Le savant et respectable Père Petau qui, pour réparer l’incartade du Père Nouet, se mit aussitôt à écrire un gros livre[2] contre celui d’Arnauld, commence lui-même son premier chapitre en rappelant cette coutume d’une ancienne cité d’Italie, selon laquelle tout particulier qui voulait proposer une nouveauté devait paraître en public la corde au col, attachée d’un nœud coulant, de telle sorte que, si sa nouveauté n’agréait, il fût incontinent étranglé : « Cette façon, ajoute l’excellent Denys Petau qui pense à Arnauld, pourra sembler un peu trop rigoureuse, mais l’intention en étoit louable, voire elle est nécessaire… » Prenons garde ! sommes-nous

  1. Histoire (manuscrite) du Jansénisme, liv. III, chap.

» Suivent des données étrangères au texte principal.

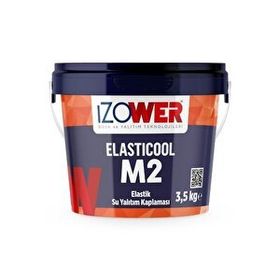 İzower Kiremit 3,5 kg M2 Su Yalıtım Kaplaması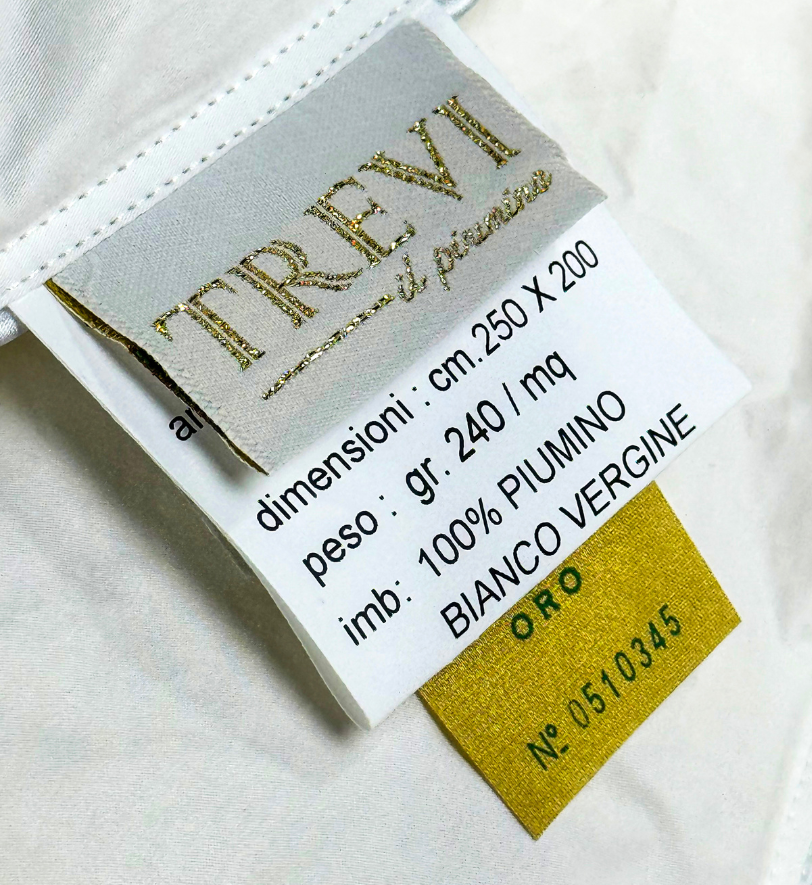 TREVI DUVET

IV. — On lit à ce propos, dans le Journal de M. d’Ormesson : « Le lundi, 16 novembre (1643), mon père ma dit comme les évêques s’étoient assemblés chez le cardinal de La Rochefoucauld pour voir ce qu’ils feroient contre les Jésuites qui les avoient taxés d’ignorance sur l’approbation du livre de M. Arnauld. Les Jésuites, à leur seconde assemblée, offrirent toutes sortes de soumissions, désavouèrent le Père Nouet qui avoit prêché, même plusieurs livres qu’ils avoient faits, comme n’étant jamais sortis de chez eux ; et néanmoins il paroissoit un nouveau livre fait par un des leurs qui nommoit ces livres et les auteurs qui étoient de leur congrégation. La facilité qu’ils ont à souffrir que leurs Pères écrivent est pareille à celle de les désavouer, s’ils ne sont pas bien reçus. Cette affaire les a fort décriés, comme ayant ou mauvaise conduite ou mauvais dessein. » C’était là l’opinion assez générale des honnêtes gens du temps, surtout dans le monde parlementaire.
  2. De la Pénitence publique (1644).